Saat pintu kubuka tiba-tiba… Jrengg.. jrengg…… aku melihat seorang wanita paruh baya yang masih sangat cantik berdiri di hadapanku dengan seorang laki-laki yang juga paruh baya berdiri di sebelahnya.

“Ini pasti Nessa ya.. wah… cantik sekali kamu sayang…” kata wanita itu sambil memelukku. Aku masih terperangah dengan apa yang kulihat. Pliss  jangan jangan bilang lelaki paruh baya di hadapanku ini Mr. X… dia memang masih kelihatan ganteng, tapi pliss… aku nggak mungkin menikah dengan Oom-Oom. Seakan wanita itu tau apa yang aku fikirkan dia langsung melepaskan pelukannya.

“ohh… kenalkan dulu, saya tante dian, dan ini Oom Ari. Emm.. panggil mami sama papi aja deh biar lebih akrab.” Aku menghela nafas lega. Ohh akhirnya.. aku nggak akan nikah sama Oom-Oom. Tapi kemudian aku sadar, lihat Tante Dian sama Oom Ari yang masih cantik dan ganteng diusia mereka, aku hampir memastikan bahwa si Mr. X ini pasti lumayan menarik.
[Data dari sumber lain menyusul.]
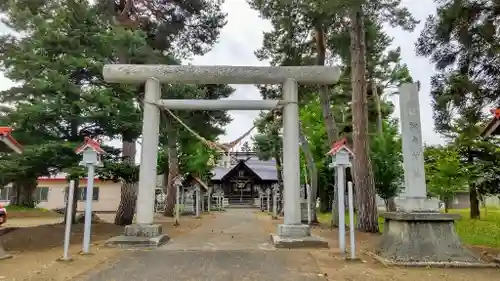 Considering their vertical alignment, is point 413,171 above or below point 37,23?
below

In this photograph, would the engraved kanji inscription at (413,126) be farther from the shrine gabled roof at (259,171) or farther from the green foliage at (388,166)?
the shrine gabled roof at (259,171)

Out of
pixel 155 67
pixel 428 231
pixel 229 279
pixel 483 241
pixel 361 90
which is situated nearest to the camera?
pixel 229 279

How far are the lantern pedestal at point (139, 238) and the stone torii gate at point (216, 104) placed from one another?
2 cm

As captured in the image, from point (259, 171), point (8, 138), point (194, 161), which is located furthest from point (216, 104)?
point (259, 171)

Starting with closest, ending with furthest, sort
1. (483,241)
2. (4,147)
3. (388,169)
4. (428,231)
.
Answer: (428,231) → (4,147) → (483,241) → (388,169)

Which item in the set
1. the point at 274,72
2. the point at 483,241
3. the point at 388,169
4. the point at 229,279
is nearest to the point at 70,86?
the point at 274,72

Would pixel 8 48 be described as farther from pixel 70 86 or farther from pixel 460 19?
pixel 460 19

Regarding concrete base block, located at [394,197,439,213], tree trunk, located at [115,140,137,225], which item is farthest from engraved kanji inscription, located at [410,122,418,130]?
tree trunk, located at [115,140,137,225]

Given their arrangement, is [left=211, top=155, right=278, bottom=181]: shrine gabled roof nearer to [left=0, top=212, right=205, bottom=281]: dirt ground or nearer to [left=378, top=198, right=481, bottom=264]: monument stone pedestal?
[left=0, top=212, right=205, bottom=281]: dirt ground

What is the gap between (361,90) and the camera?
12.7 metres

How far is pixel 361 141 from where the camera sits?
12516 mm

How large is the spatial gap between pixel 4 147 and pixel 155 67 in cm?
395

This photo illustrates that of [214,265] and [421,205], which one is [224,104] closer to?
[214,265]

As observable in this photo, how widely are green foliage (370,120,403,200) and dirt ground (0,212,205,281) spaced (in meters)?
20.2
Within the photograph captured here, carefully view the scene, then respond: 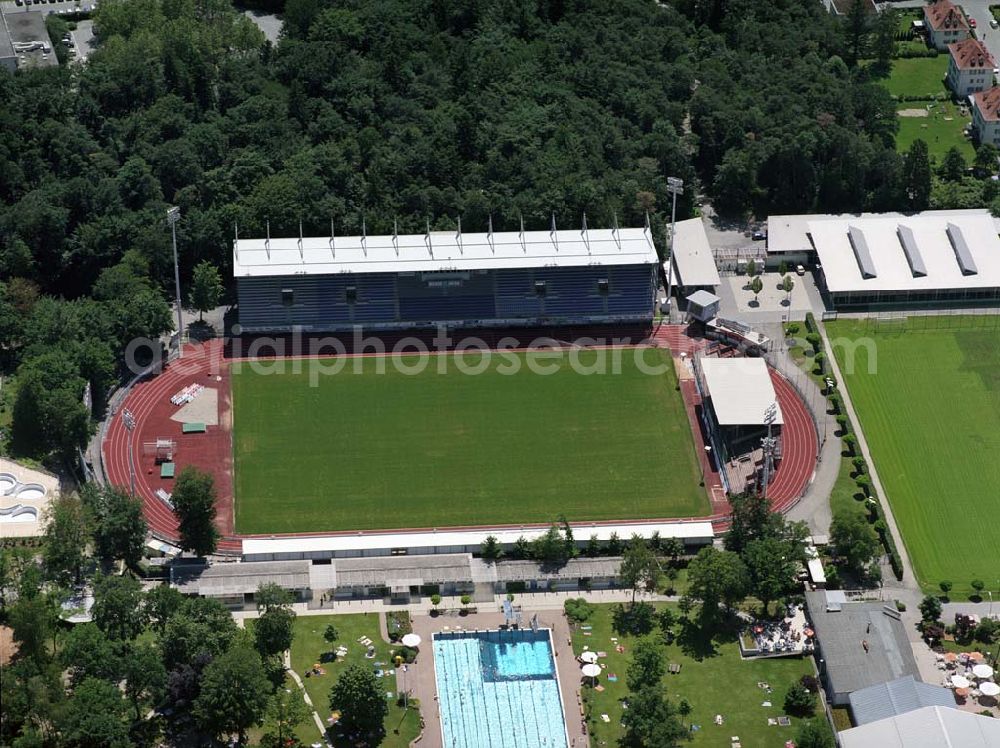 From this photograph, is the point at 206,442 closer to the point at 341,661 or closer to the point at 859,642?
the point at 341,661

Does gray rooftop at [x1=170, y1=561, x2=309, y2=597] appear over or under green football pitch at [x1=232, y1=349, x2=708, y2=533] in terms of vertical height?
under

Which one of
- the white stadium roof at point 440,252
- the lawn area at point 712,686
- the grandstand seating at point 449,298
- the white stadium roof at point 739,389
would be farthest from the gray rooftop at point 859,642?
the white stadium roof at point 440,252

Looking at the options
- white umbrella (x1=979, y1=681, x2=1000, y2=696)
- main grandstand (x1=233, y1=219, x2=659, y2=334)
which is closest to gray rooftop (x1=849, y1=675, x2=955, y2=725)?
white umbrella (x1=979, y1=681, x2=1000, y2=696)

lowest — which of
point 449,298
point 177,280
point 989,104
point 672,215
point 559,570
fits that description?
point 559,570

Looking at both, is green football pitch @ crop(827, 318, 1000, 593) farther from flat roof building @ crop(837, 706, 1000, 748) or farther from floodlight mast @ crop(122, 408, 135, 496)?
floodlight mast @ crop(122, 408, 135, 496)

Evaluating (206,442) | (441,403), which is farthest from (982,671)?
(206,442)

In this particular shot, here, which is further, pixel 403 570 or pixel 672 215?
pixel 672 215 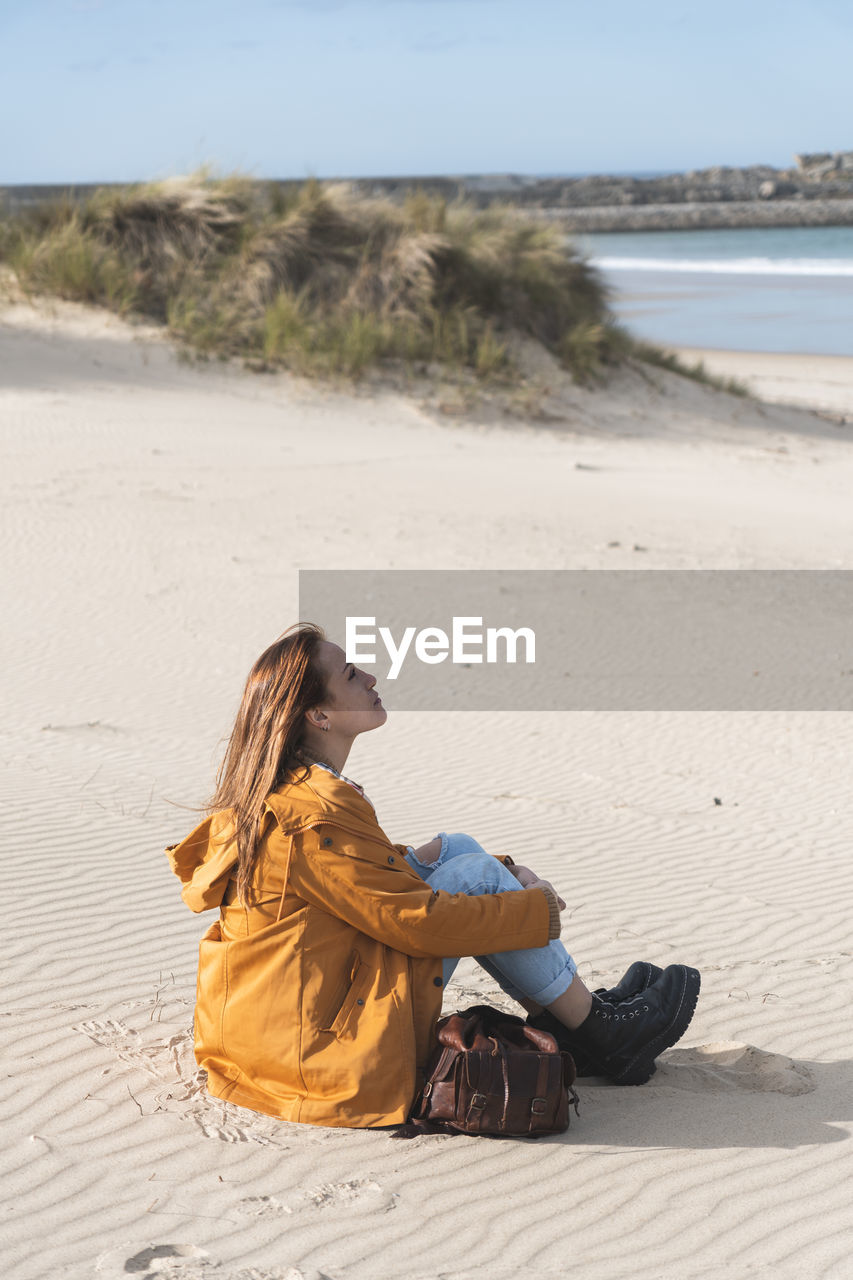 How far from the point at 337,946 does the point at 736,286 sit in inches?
1935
“Ehh iya tante.. ehh.. mammi…” aku sedikit ragu mengucapkannya. “Mari masuk..” ajakku. Lalu kemana Mr.X…???? aku teriak dalam hati. Benar-benar frustasi.

Aku menggiring mereka langsung ke ruang makan belum juga duduk, aku berjingkat karena kudengar Bell berbunyi lagi. Astaga.. lama-lama aku bisa terkena serangan jantung atau mati penasaran malam ini.

“Itu pasti dia, tadi setelah rapat dia izin sebentar, mungkin mencari sesuatu.” Kata Oom Ari, Rapat…? Apa dia juga ikut-ikutan rapat-rapat direksi pada umumnya seperti papa..? sepenting itukah dia..? seserius dan sedewasa itukah dia..?

Saat aku masih termangu, mama menghampiriku, “Sudah… buka pintunya sana.” Kata mama sambil menepuk bahuku.

Akupun bergegas kearah pintu, sebelum bembukanya aku berhenti menormalkan nafasku yang mulai terngah karena sedikit gugup, menormalkan debaran jantungku yang seakan-akan mau meledak. Ohh.. God.. rasanya aku seperti terpidana yang akan menerima Vonis mati saja…

Aku pun mulai menarik ganggang pintu. Dannnnn……….. saat melihatnya aku merasa saat itu juga aku di siram dengan se ember air es, perasaan kaget, bergetar, dan lemas langsung merayapi di sekujur tubuhku. Aku benar-benar Syokkhh. Ohh astaga.. apa yang terjadi…? Sedang apa dia disini..??